Communiqué de presse de la Coalition congolaise pour la Justice Transitionnelle

"
Déclaration N°002/2008 de la Coalition Congolaise pour la Justice Transitionnelle du 15 février 2008

          Pour l’arrestation d’autres criminels par la Cour penale Internationale en RDC

La Coalition Congolaise pour la Justice Transitionnelle « CCJT » en sigle est préoccupée par la marche vers l’établissement d’un Etat de droit dans notre pays qui se concrétise à travers la lutte contre l’impunité qui devient de plus en plus une réalité vivante en RD Congo.

En effet, elle salue de vive voix la matérialisation des poursuites à l’endroit d’autres criminels qui se sont rendus coupables des crimes graves en RD Congo par la Cour Pénale Internationale.

Ainsi, L’arrestation  à Kinshasa et le transfert à La Haye aux Pays Bas, le 06 février 2008 de monsieur Mathieu NGUDJOLO CHUI, ancien commandant de la milice du Front Nationaliste et Intégrationniste, FNI en sigle, alors qu’il était encore en formation au Groupe des Ecoles Supérieures Militaires de Kinshasa, constitue un élément à encourager dans ce processus.

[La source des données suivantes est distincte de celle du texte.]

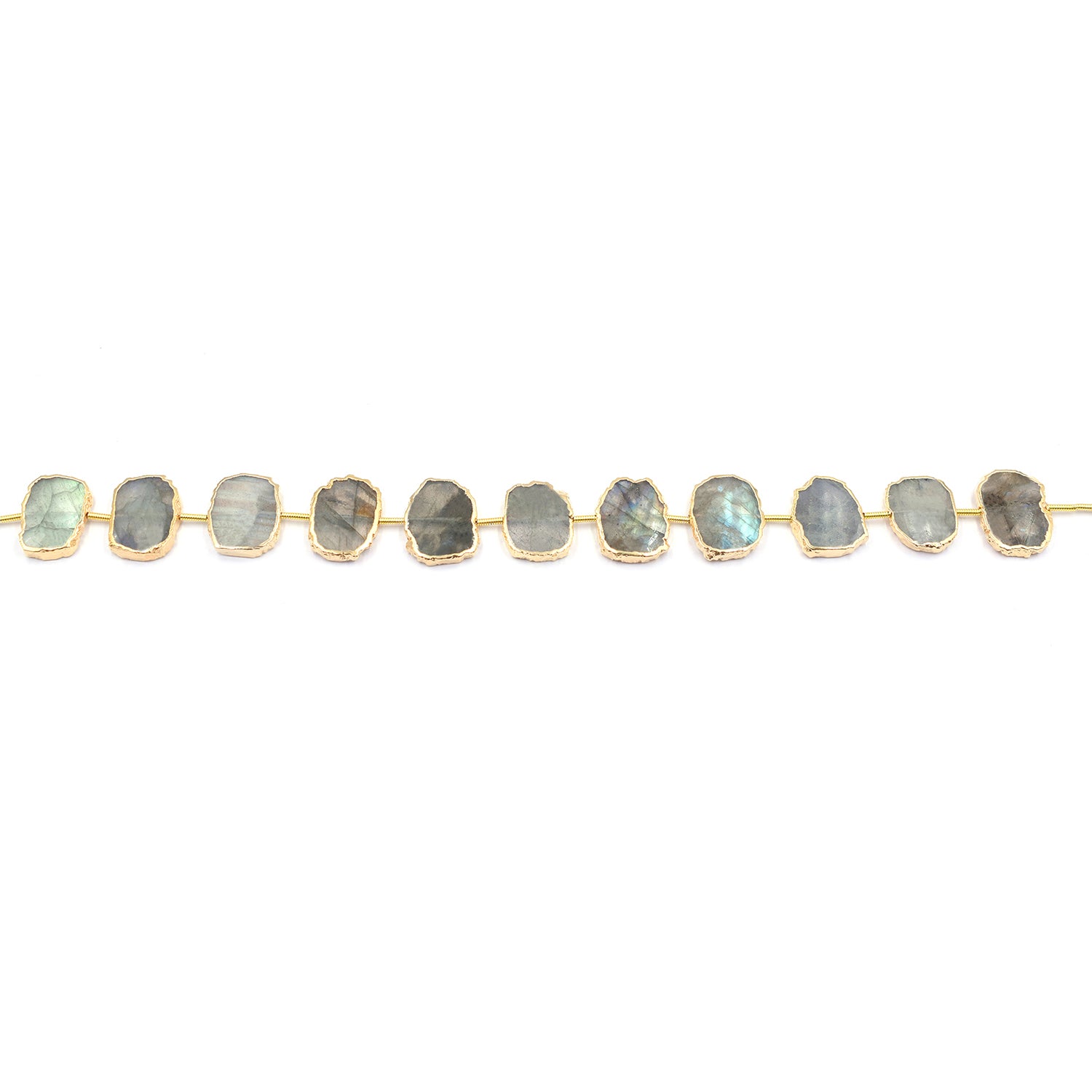 Labradorite Uneven Shape Coin Drilled Gold Electroplated Strand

Cette arrestation qui intervient après celles de Thomas LUBANGA et de Germain KATANGA amène à trois le nombre des congolais poursuivi par la Cour pénale Internationale depuis sa création. Elle intervient également sept mois après que le mandat d’arrêt ait été délivré contre lui par la Chambre préliminaire 1, soit exactement le 6 juillet 2007.

Parmi les motifs d’arrestation de NGUDJOLO, l’on cite : l’attaque généralisée sur le village de Bogoro, la réduction en esclavage sexuel de plusieurs femmes et filles, le meurtre d’environ 200 Civils

Pour plus d’un observateur, il est question de savoir pourquoi cette arrestation a été réalisé au lendemain de la clôture de la Conférence sur la paix, la sécurité et le développement, soit 15 jours après la signature de l’Acte d’engagement signés entre les groupes armés du Nord et du Sud Kivu en République Démocratique du Congo.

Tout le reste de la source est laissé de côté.